Ave Maria! Sr. Wendy's astute observation on faith, which arrived in my email box this morning, ties in well with today's gospel (Mark 10:32-45) where James and John tell the Lord "we want you to do for us whatever we ask of you” and then ask him, “Grant that in your glory we may sit one at your right and the other at your left.” Jesus makes it clear that he's not handing out comfort blankets -- not now, at least, and as for later, that's not his to give. In his typically unequivocal fashion, the Master enlightens his followers with the truth: “You do not know what you are asking. Can you drink the chalice that I drink or be baptized with the baptism with which I am baptized?” And when they blithely respond, "We can," Christ spells out the details so that they might understand and accept that faith is, as Sr. Wendy says, "a strenuous call to engage all we are with the Father of Jesus."
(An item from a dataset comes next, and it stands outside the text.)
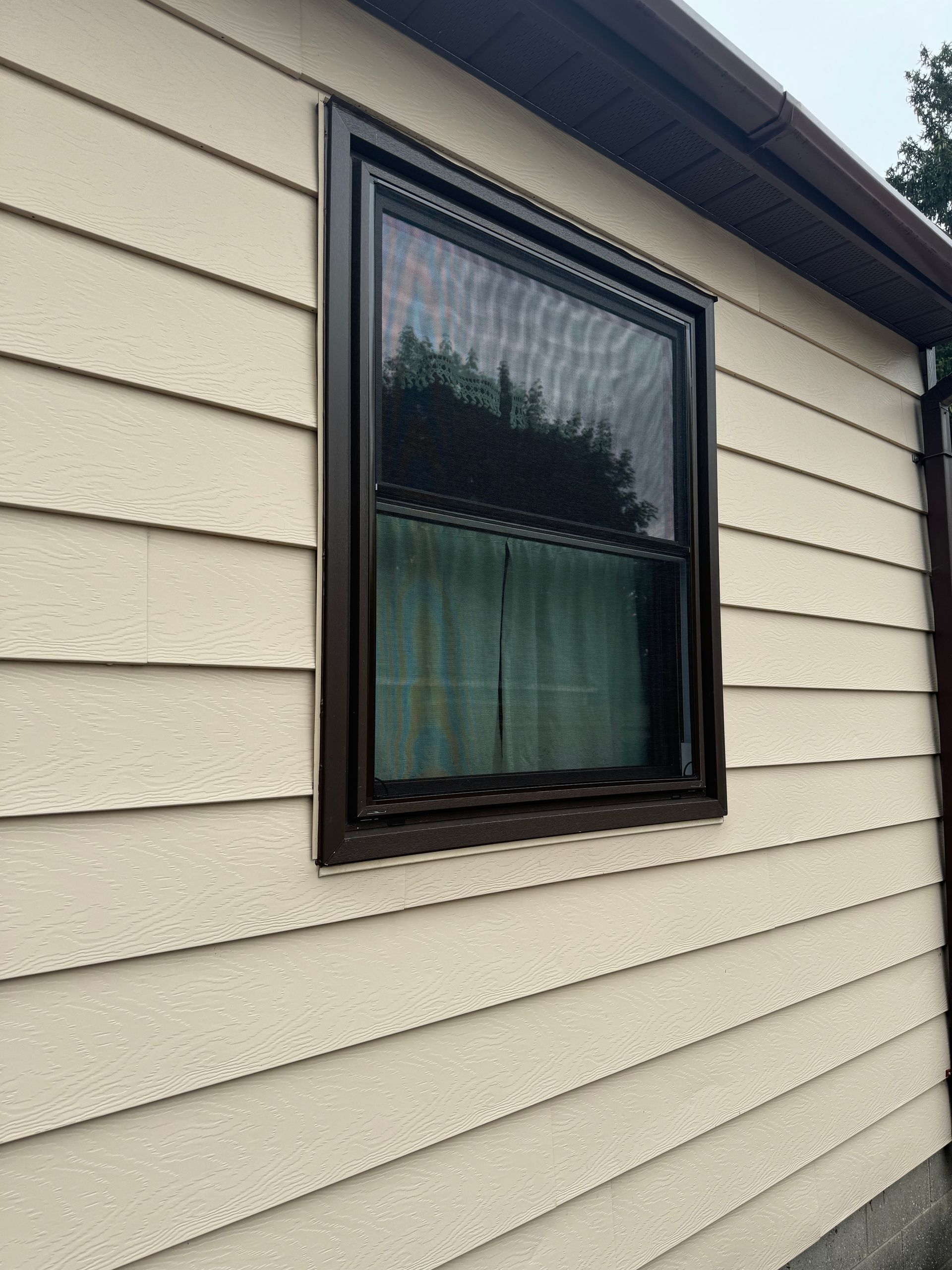 A house with a window on the side of it.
The disciples just don't get it. And neither do I most of the time. I very much want my comfort blanket and all the creature comforts that go with it. I'm afraid of drinking the chalice of suffering that my Lord drank, of being baptized unto death as He was. The idea of being servant and slave of all overwhelms me. I'm not that good, that generous, that loving. I am selfish, proud, ambitious. I have my needs and desires. And yet, more than anything else, I do ardently long to follow Jesus through death to life for the glory of the Father. With St. Paul, I want to be found in Christ, "that I may know Him and the power of His resurrection, and may share His sufferings, becoming like Him in His death, that if possible I may attain the resurrection from the dead" (Philippians 4:9-11). I am weak, but He is strong. With Him, I shall do bravely. Deo gratias!
Dear Lord, strengthen my faith and enlarge my heart so that I may live and die for You alone. Amen.